Single by Koda Kumi

from the album Trick
- B-side: "Winter Bell"
- Released: December 24, 2008
- Genre: J-pop, pop
- Length: 4:58
- Label: Rhythm Zone
- Songwriter: Koda Kumi

Koda Kumi singles chronology
| "Taboo" (2008) | "Stay with Me" (2008) | "It's All Love!" (2009) |

Music video
- "Stay with Me" on YouTube

= Stay with Me (Koda Kumi song) =

"Stay with Me" (stylized as stay with me) is the forty-second single by Japanese R&B/pop artist Koda Kumi. It charted at No. 1 on the Oricon Weekly charts and remained on the charts for nine weeks. This became the first time Kumi released two consecutive No. 1 singles, whereas her previous single, "Taboo," also charted at number one.

The single was released in both CD and CD+DVD, with limited editions of both. A version was also released exclusively for her fan club.

==Information==
stay with me is Japanese singer-songwriter Koda Kumi's forty-second single. It debuted at No. 1 on Oricon, making it her sixth number-one single and the first time in her career to have released two number-one singles back-to-back, whereas Taboo had also charted at No. 1. The single remained on the Oricon charts for nine weeks.

stay with me was described as a "winter love ballad" by her official site. Limited editions of the single featured an orgel version of stay with me, a poster and a draw card, similar to that of Taboo.

This was also the second time one of her singles received an exclusive release for her fan club.
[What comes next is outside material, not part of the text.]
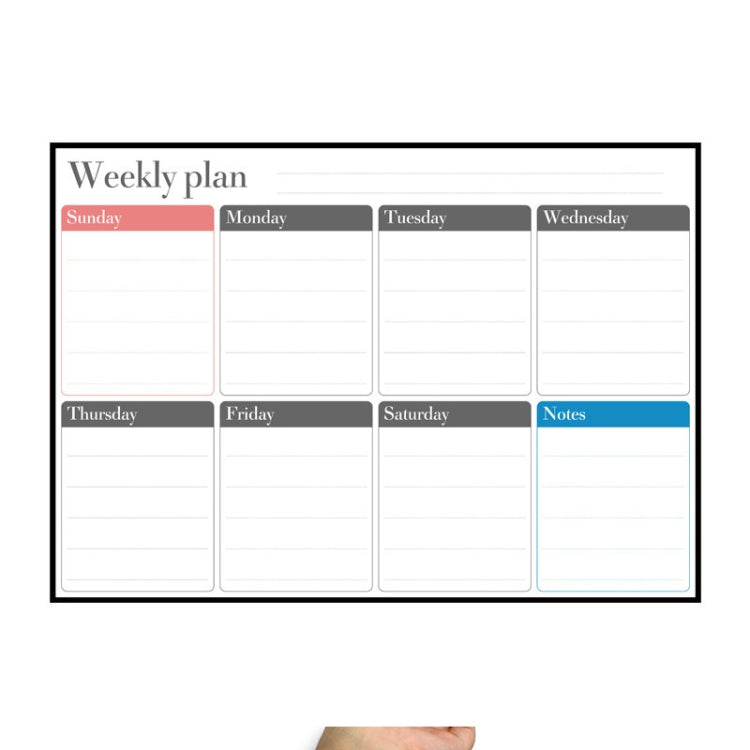 Magnetischer Wochenplan Kühlschrankmagnet PET Magnetische weiche Whiteboard, Größe: 29,7 cm x 42 cm, Wochenplan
Those editions included a poster, but also gave the buyers the option of a mirror or mousepad with the fan club CD picture on it.

The single contained one b-side, Winter Bell. This was a more upbeat song and carried an overall Christmas-time feel with signature bells being heard in the song's opening and during the song's chorus.

The single is certified Gold by RIAJ for shipment of 100,000 copies.

==Packaging==
stay with me was released in three editions:

- CD: contains four musical tracks.
- CD [Fan Club Edition]: contains two musical tracks, poster and choice of a mirror or mouse pad.
- CD+DVD: contains four musical tracks, music video and making video.

Limited editions of the CD and CD+DVD versions came with a poster and the bonus "orgel version" of stay with me.

==Promotional Advertisements==
stay with me was used in advertisements for au LISMO and Sony Ericsson in Japan.

==Music video==
The music video for stay with me carried a theme similar to her 2006 single Yume no Uta/Futari de..., most notably futari de... for the visuals. The video also centered around the use of a cellphone, much like the aforementioned single.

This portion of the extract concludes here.